But concerning brotherly love you have no need that I should write to you, for you yourselves are taught by God to love one another; and indeed you do so toward all the brethren who are in all Macedonia. But we urge you, brethren, that you increase more and more. – 1 Thessalonians 4:9-10.
The verses above develop another aspect of Paul’s prayer found in chapter 3 that “may the Lord make you increase and abound in love to one another and to all.” – 1 Thessalonians 3:12. Paul hopes that his instructions here will be one of the instruments used by God to begin to answer his earlier prayer at the end of chapter 3.
Love was the primary thing in 1 Thessalonians 3:12–13 that Paul prayed would “establish” their hearts in holiness. The NIV uses the better term “strengthen” to describe Paul’s instruction. Paul does not want the Thessalonians to reject his instructions about holiness (verses 2–8) but knows that if they increase in love, they will be strengthened in holiness. Indeed, all the interpretations of verses 4–6 involve the underlying notion that to maintain a condition of holiness there must be love and respect for others, all of which will fulfill the grand goal of pleasing God (verse 1). This notion of love now becomes explicit in verses 9–10.
From one perspective, they needed no more instruction from Paul about loving one another, since they themselves had been “taught by God to love one another.” Presumably this teaching came from Paul himself when he was among them. The statement that they had been “taught by God” underscores Paul’s earlier statement that the instructions he gives do not ultimately derive from his own authority but from Christ’s authority (verses 2 and 8). This instruction “to love one another” derives not only from Jesus’ present authority but also from Jesus’ Upper Room discourse, where He told his disciples three times to “love one another” (John 13:34; 15:12, 17; see also 1 John 3:11; 2 John 5). Paul, as he so often does elsewhere in his letters, is passing on and developing Jesus’ teachings for his readers. In this light, the phrase “taught by God” refers to Jesus as the divine teacher.
The Holy Spirit’s influence inducing Christians to love one another may also be implied in the expression, since the phrase “God, who has also given us His Holy Spirit,” has directly preceded his instructions of verse 9-10 (see again verse 8; also Romans 5:5; Galatians 5:22).

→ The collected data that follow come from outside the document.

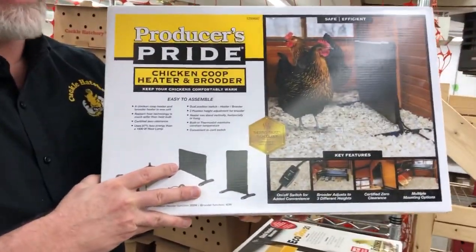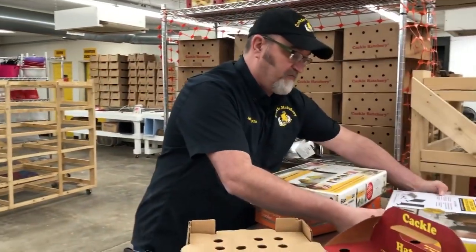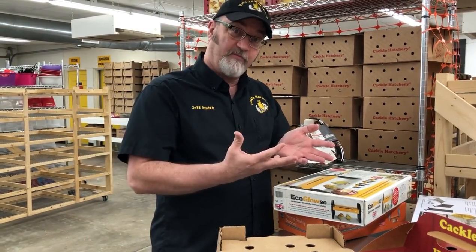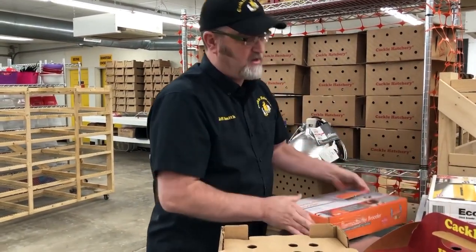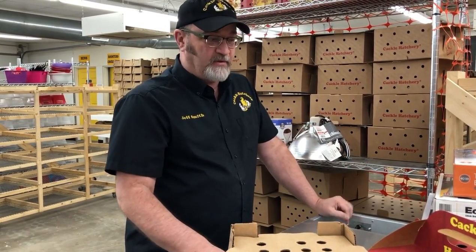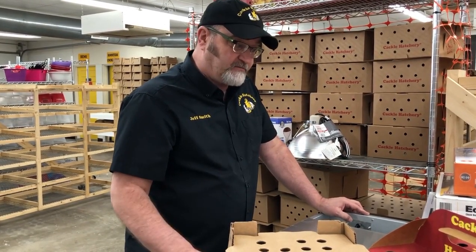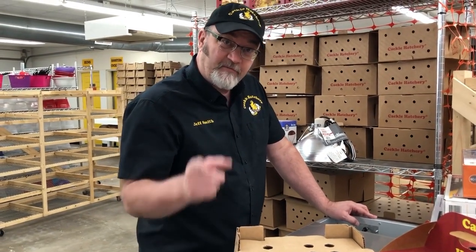The theme of this video is: for mail-order chicks — when you're ordering day-old baby chicks through the mail — you cannot start them off with a heat plate. They have to have a good heat source that's going to heat the air around them. That's the theme of this video, and we thank you for listening. This is Jeff at Cackle Hatchery. Hope you have a blessed week.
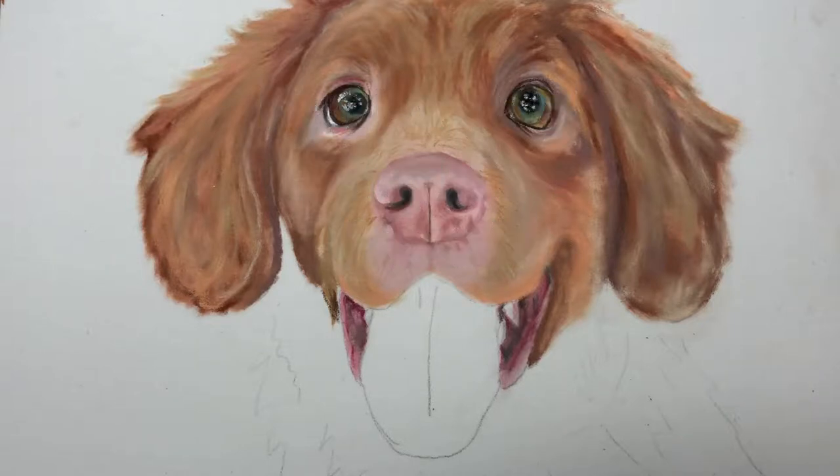Hi, it's Susan here. I'm going to show you today how I actually paint in pastels, soft pastels, a dog's tongue. I've already painted the face of the dog and I'm now going to actually do the tongue.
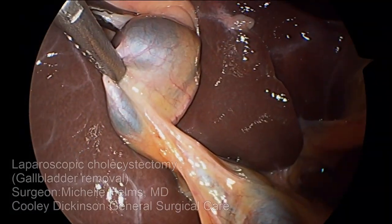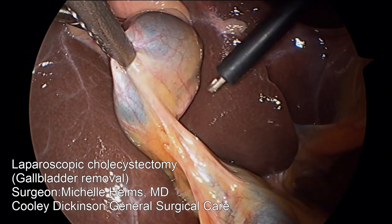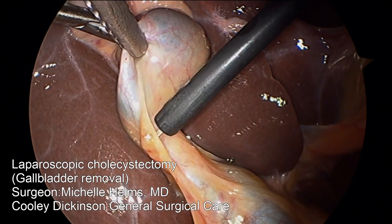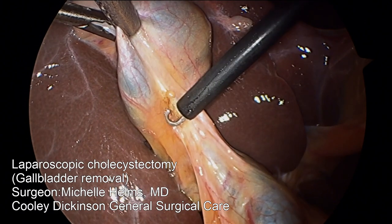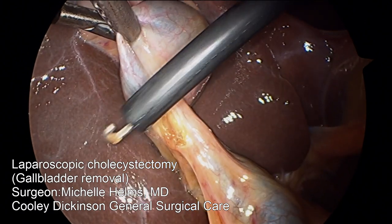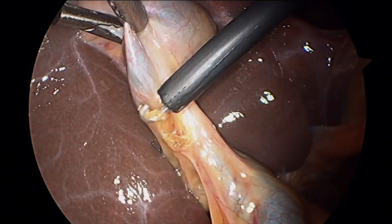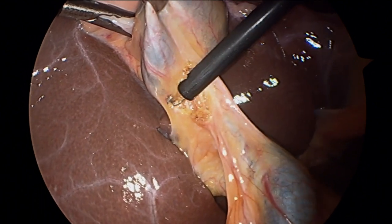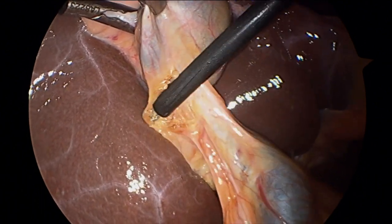We begin the tour once the belly has been filled with gas that lifts the belly wall off the intestines and the organs below. It's a minimally invasive surgery — there's usually just four tiny incisions. In this photo you see a grasper holding the gallbladder, and Dr. Helms introduces a hook cautery that uses heat to seal off tiny blood vessels, kind of like a little lightsaber to minimize bleeding. She has to open up the fatty tissue around the gallbladder that connects the gallbladder to the liver bed.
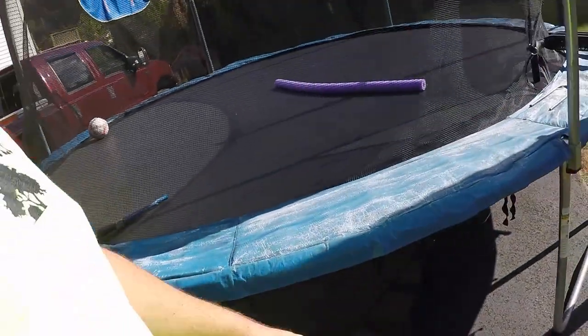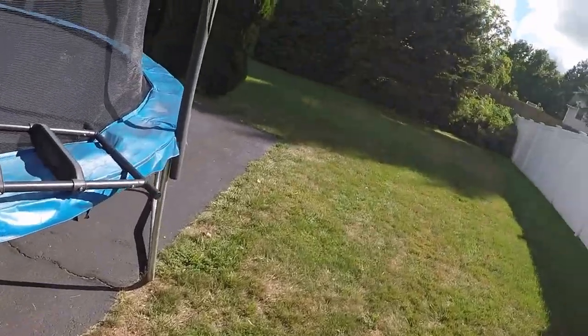So I moved the trampoline — now I can mow under where the trampoline was. It gives you a much better quality of cut. Go the extra step; don't be a jerk about it.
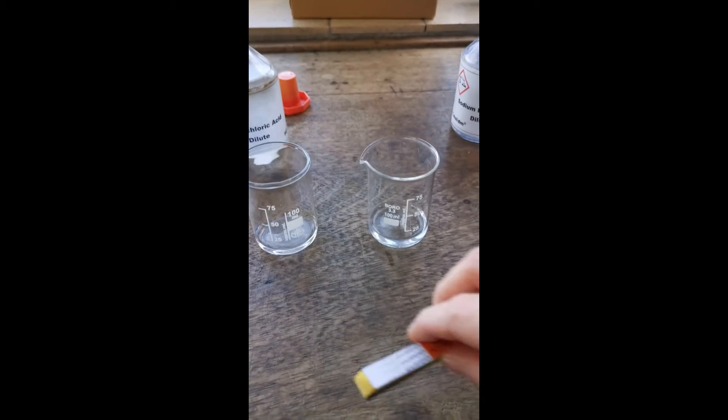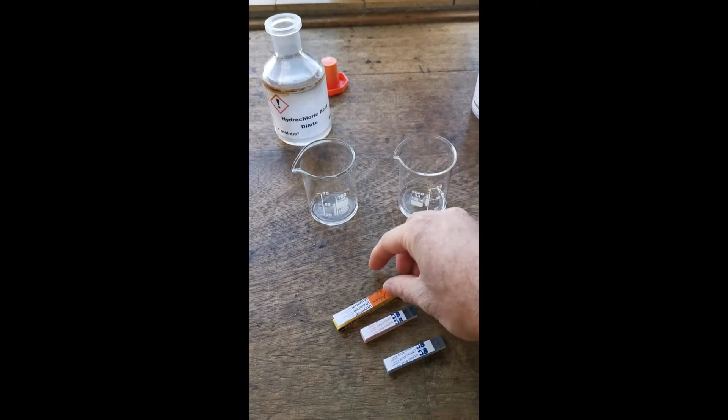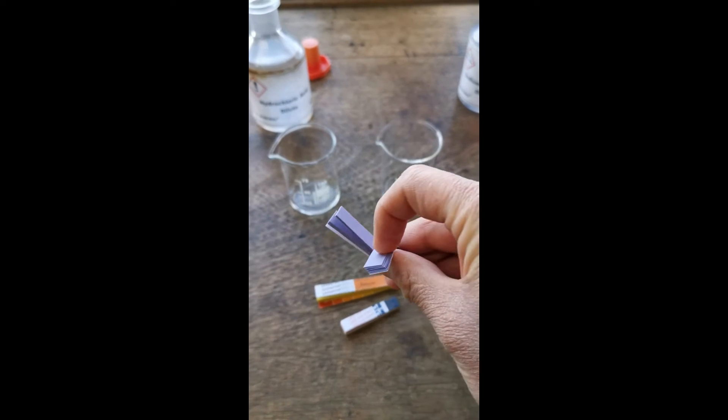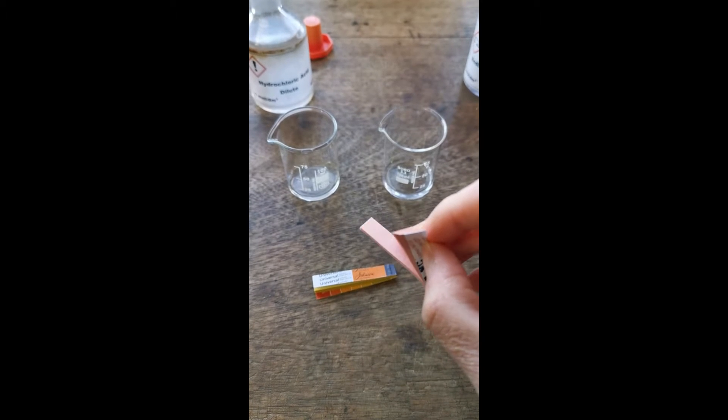Now we have some indicator papers here. We have universal indicator paper, which is yellow. We have blue litmus paper, which as you can see from the colour is blue. And we have red litmus paper, which as you can see from the colour is red.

The use of the phrase, “taught by God” and similar expressions elsewhere further suggests the internal teaching by the Spirit (see Isaiah 54:13; Jeremiah 31:33–34; John 6:45). These other uses speak of God directly teaching a person in some apparently spiritually internal manner. That both Jesus and the Spirit may be included as the subject of the teaching is apparent from the observation that the Spirit is the Spirit of Jesus. In short, Jesus taught the love command during His earthly ministry and then sent the Spirit to continue to teach it to His people and to empower them to fulfill it.
In addition to the fact that Paul’s readers have already been taught by God to love each other, a second reason they need no further instruction is that they are actually applying the earlier instruction to their lives as exemplified in verse 10. Not only have the Thessalonian Christians genuinely begun to practice love toward each other but their love flows over even to “all the brethren who are in all Macedonia.”
One might think that Paul would be content with this and stop to thank God for it. He is, however, so desirous that they keep on loving that he urges them not to be satisfied with their past performance but even “increase more and more” implying from that day forward. The sense is that although they do not need to be written to about love because they are practicing it so well, nevertheless they need to excel even more, which is the main point of verses 9–10. Paul knows that perfect sanctification in any area of life is impossible this side of heaven, so he encourages them to keep advancing in their growing love.